Taking its first step in the burgeoning animal traceability market, Orchid Biosciences this week said it will help one of Canada’s largest pork distributors genotype its sows.
For Toronto-based Maple Leaf Foods, the agreement will enable it to prove the origin of its pork to its most finicky customers, and lay the groundwork for a system that might one day help its farmers fine-tune their breeding and keep tabs on porcine diseases.
For Orchid, the deal is an entree into the potentially larger beef traceability space: If it works in pigs — and Maple Leaf is betting CA$1.2 million ($919,000) that it will — then it will likely work in cows.
Orchid has been building up to this deal since last July, when CEO Paul Kelly hinted his desire to lead the company into this market. Then, three weeks ago, Orchid promised to have a “suite of [beef traceability] assays” ready for sale sometime this year. At that time, this appeared to be little more than pie-in-the-sky scheming, and company officials were unable to offer something concrete [see 1/8/2004 SNPtech Pharmacogenomics Reporter]. Planners were unsure what geographic markets to target first, or how Orchid would use its genotyping technology to track beef.
“We are currently … working on a number of projects to develop traceability assays in the agricultural sector using SNP markers,” David Hartshorne, commercial director of Orchid Europe, teased earlier this month. “At the moment, we don’t have any dates for the commercial release of those markers; those are still under development.”
What a difference a few weeks makes.
This Little Piggy Went to Market
The deal with Maple Leaf Foods that Orchid announced this week calls for the company’s UK-based Cellmark unit to develop assays to analyze a panel of SNPs identified by Pyxis Genomics. Cellmark will use these SNPs to genotype certain Maple Leaf sows, and the data will be stored on a database built by IBM.
Ultimately, the goal is “to enable Canadian pork marketed anywhere in the world to be traced in a matter of hours from the store shelf back to the farm where the meat originated and even back to the maternal sow,” according to Maple Leaf.
The company decided to spend at least CA$1.2 million ($919,000) to begin the traceability program after customers in its primary market, Japan, began asking for it. “Japan is a very large market for Canadian pork, and for Maple Leaf in particular,” Linda Kuhn, a spokeswoman for Maple Leaf, said this week. “And Japan has been looking for full traceability for some time.
“This is probably the key driver in getting out of the gate first on DNA traceability,” she said.
The company hopes to begin shipping genotyped hogs to Japan during the current quarter, Kuhn said. “Ultimately we would like to spread this out to our [other customers], but it’s a function of the market as well,” she said. “In this case, Japan is crying hard for this.”
The program would offer Maple Leaf some extras: The genotype data might enable it to “contain disease risk” by quickly tracking down and weeding out animals with foot-and-mouth or other diseases, said Kuhn. She stressed, however, that while there is no porcine equivalent of bovine spongiform encephalopathy, “foot-in-mouth disease, while it does not have the same implications for human consumption [as BSE], is a serious issue with respect with containment of disease.”

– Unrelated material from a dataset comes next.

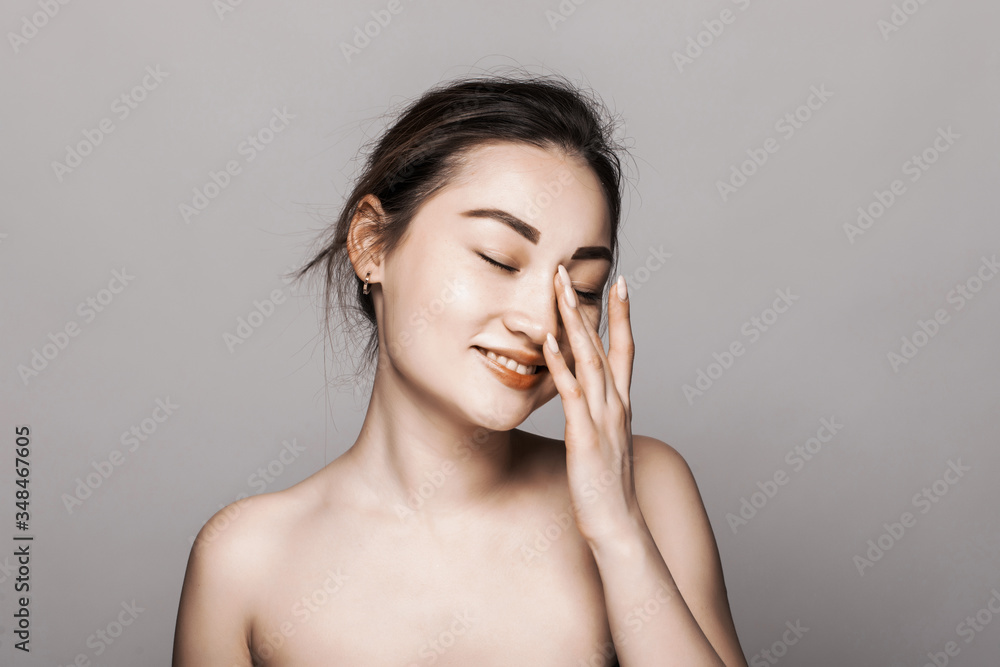 Young attractive asian woman skin care on gray background Young attractive asian woman skin care on gray background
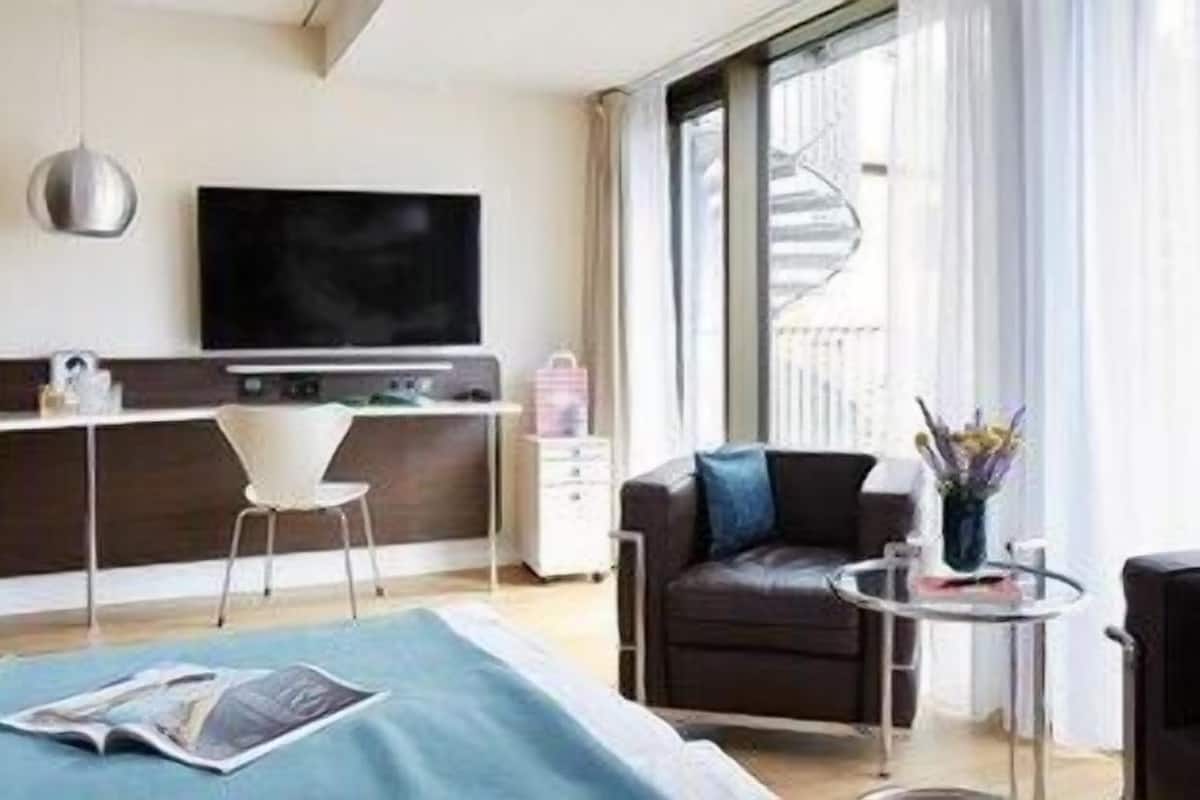 A modern hotel room with a bed, a desk, a TV, a sofa, and a small table with a vase.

In addition, Maple Leaf hopes that the genotype and phenotype data being stored by IBM might one day help the company breed better swine. “There are genotypes that produce the highest-quality product, the healthiest hogs, and reduced mortality,” said Kuhn.
Maple Leaf will spend the CA$1.2 million to genotype 30,000 sows, which will produce hogs to be shipped abroad. She added that while it will cost CA$40 per sow to genotype this initial population — Maple Leaf will ship blood samples to Orchid’s Cellmark unit in the United Kingdom — the price will scale back as the company begins amortizing across larger producer populations. “It is an affordable cost,” she said.
According to Hartshorne, the cost breaks down to roughly CA$.80 per piglet, assuming each of the 30,000 producer sows gives birth to 50 offspring in a lifetime. “The beauty of this system is that you only have to test the maternal sows,” he said.
Kuhn said Maple Leaf has paid for all of the R&D costs of this program, but added that the firm is currently speaking with the Canadian government about financial assistance and incentives. Hartshorne added that there “has been considerable [government] interest” to apply genotyping technology to this industry, and that “this service need not necessarily be limited to the pork industry.”
Maple Leaf employs 18,000 people and had CA$5.1 billion in sales in 2002, said Kuhn.
As for Orchid, Hartshorne said the first year of the deal “is important … for us; we fully anticipate that ... this will grow to become a significant sector for us.”